◆ What you will do: Span requested from the data below: the line with "Постер к Зеро 3 (2017)" through the line with "わがやのテントL T5-869-TN", both included. Give only these lines again, exactly, and leave every picture out.

◆ Record extracts:

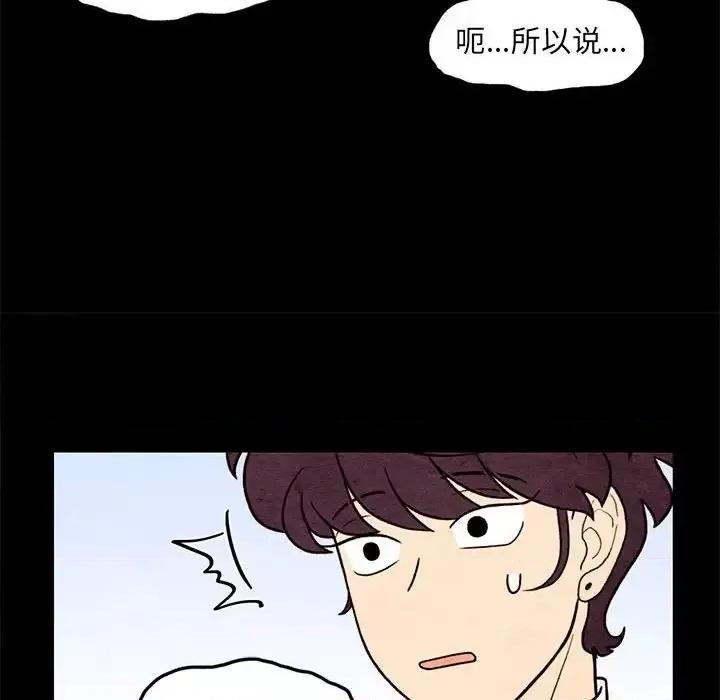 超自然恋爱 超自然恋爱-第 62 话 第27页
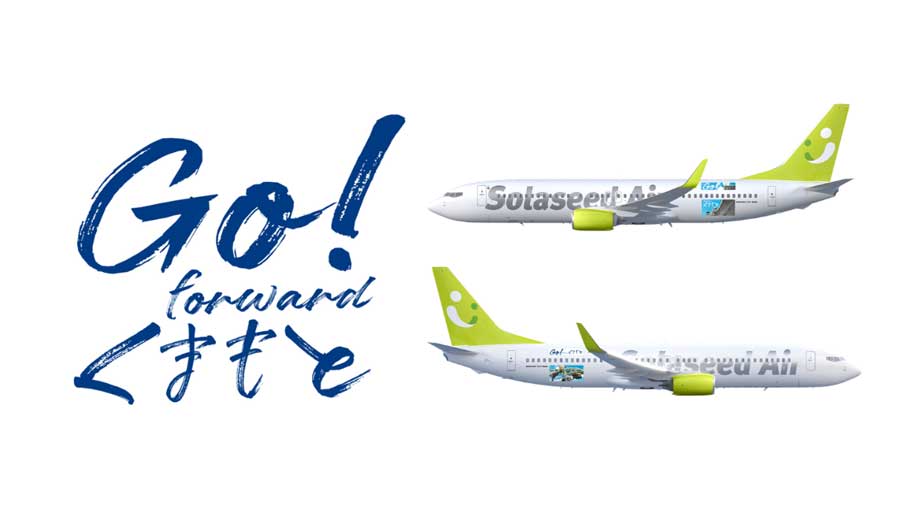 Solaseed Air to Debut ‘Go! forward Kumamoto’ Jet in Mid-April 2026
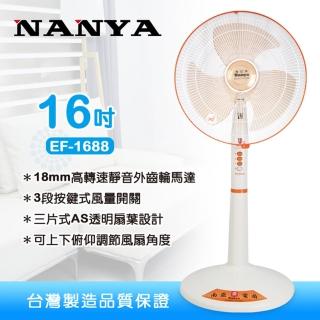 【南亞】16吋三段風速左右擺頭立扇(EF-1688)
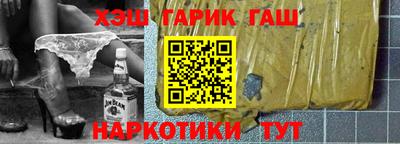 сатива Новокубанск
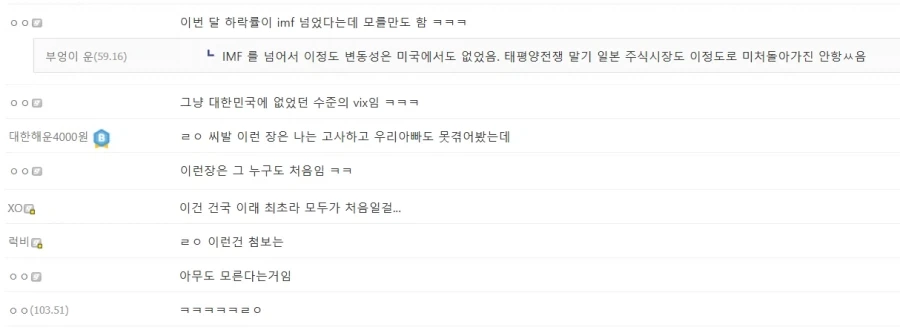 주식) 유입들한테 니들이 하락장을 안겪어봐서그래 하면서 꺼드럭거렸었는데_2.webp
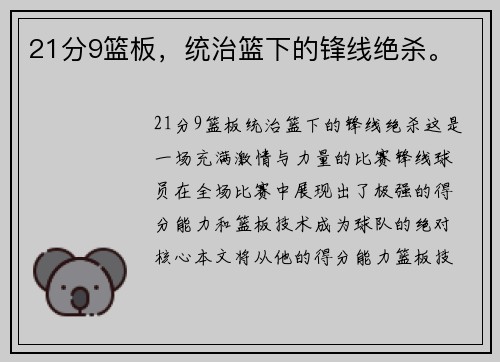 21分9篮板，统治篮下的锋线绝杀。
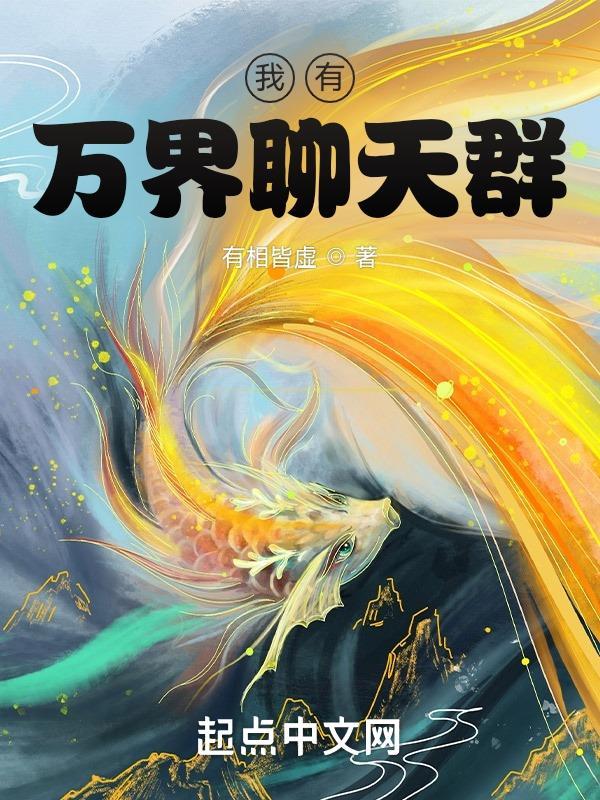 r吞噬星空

* * *

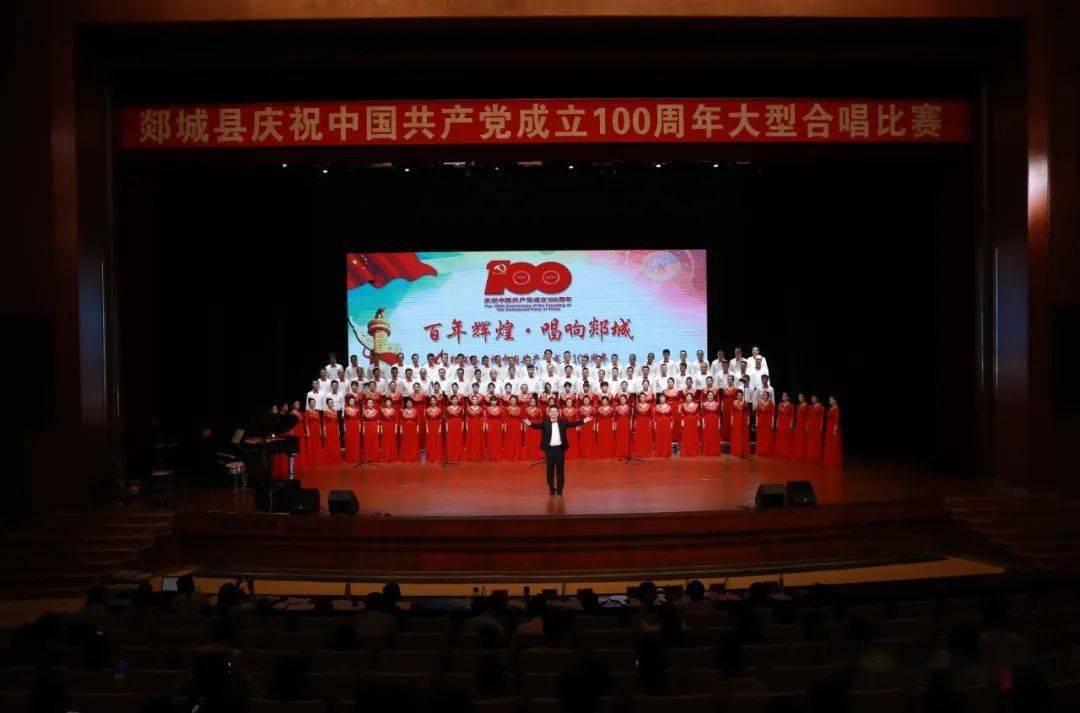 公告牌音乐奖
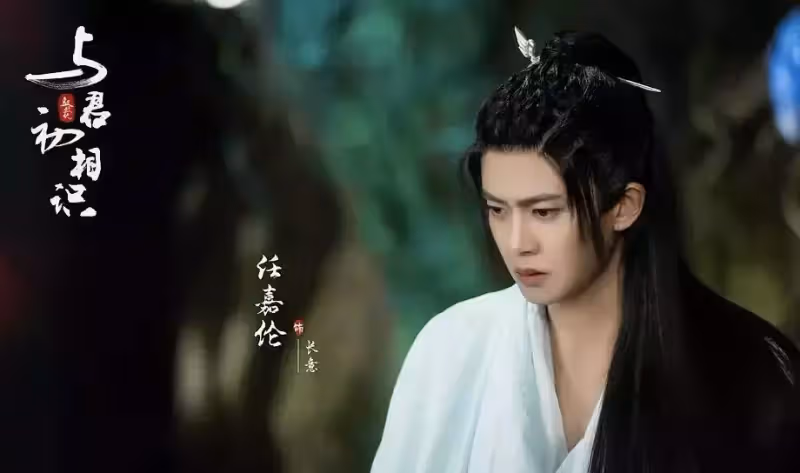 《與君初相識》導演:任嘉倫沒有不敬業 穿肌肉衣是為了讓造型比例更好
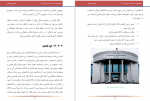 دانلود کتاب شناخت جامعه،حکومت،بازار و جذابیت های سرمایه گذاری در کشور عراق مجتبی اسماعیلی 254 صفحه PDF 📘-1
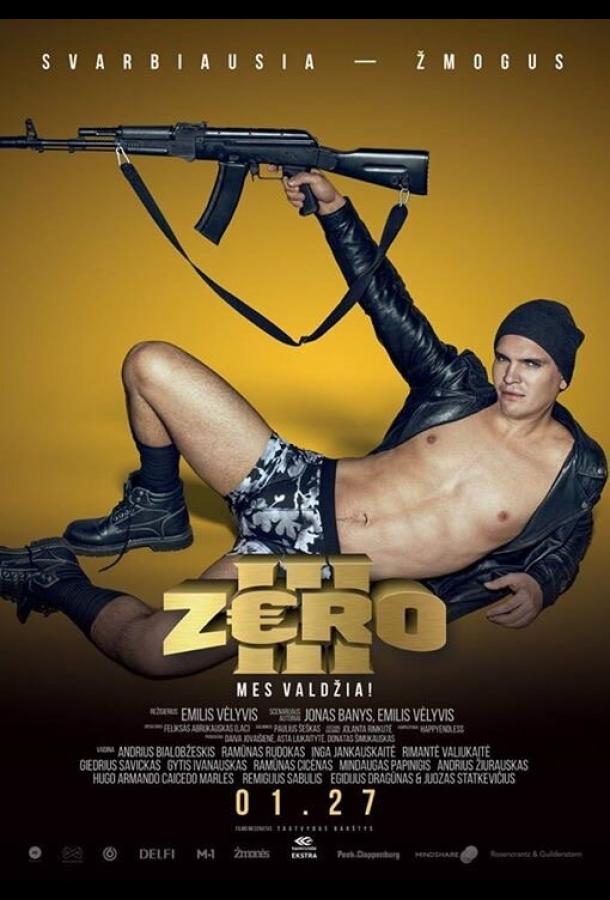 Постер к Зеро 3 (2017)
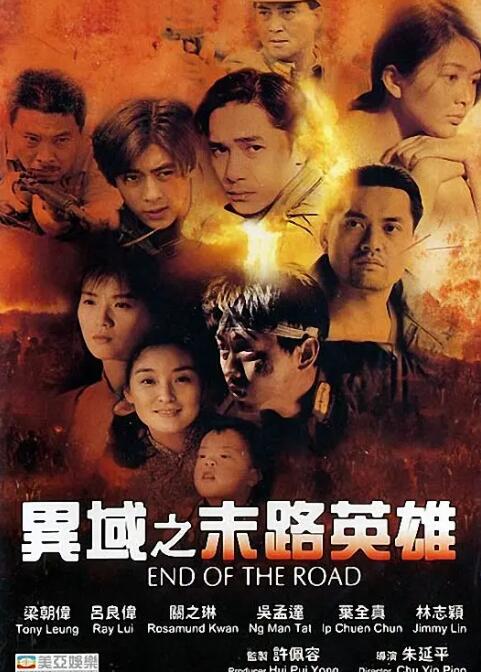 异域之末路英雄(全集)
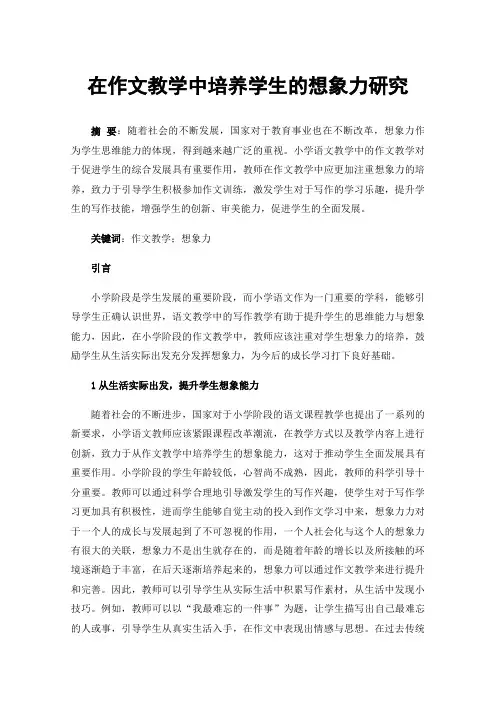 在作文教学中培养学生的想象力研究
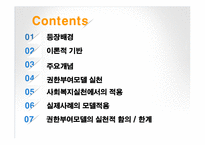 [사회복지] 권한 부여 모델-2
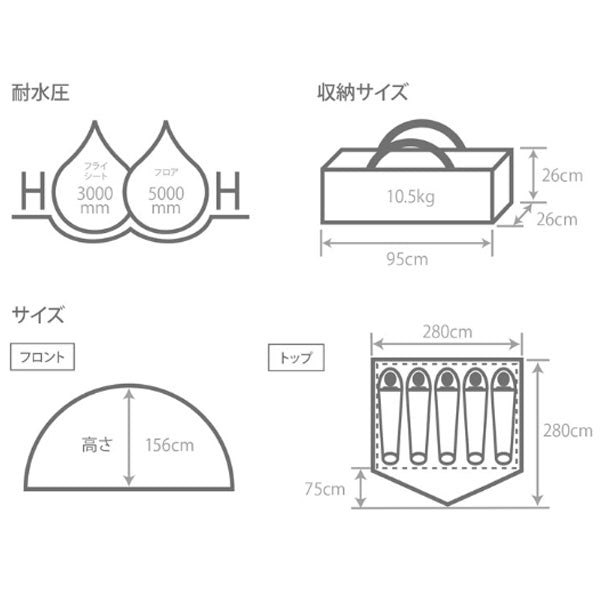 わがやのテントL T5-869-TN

...

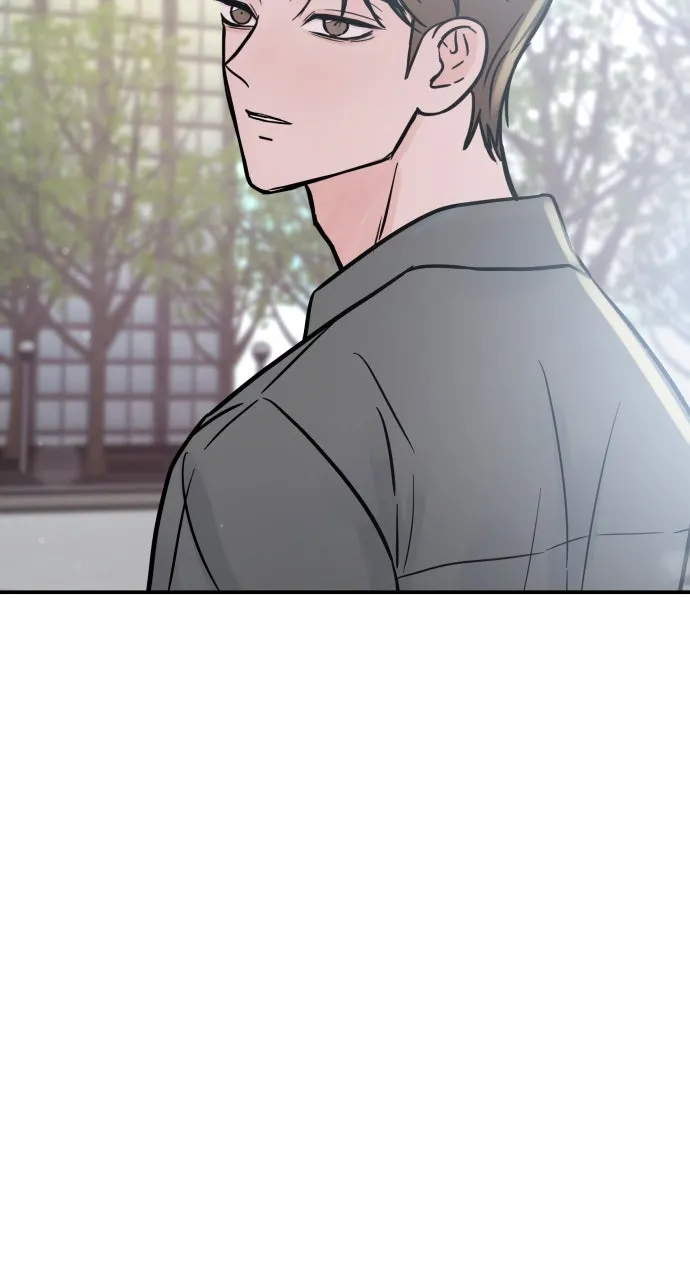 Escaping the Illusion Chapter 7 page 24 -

◆ Response to the task:
 Постер к Зеро 3 (2017)
 异域之末路英雄(全集)
 在作文教学中培养学生的想象力研究
 [사회복지] 권한 부여 모델-2
 わがやのテントL T5-869-TN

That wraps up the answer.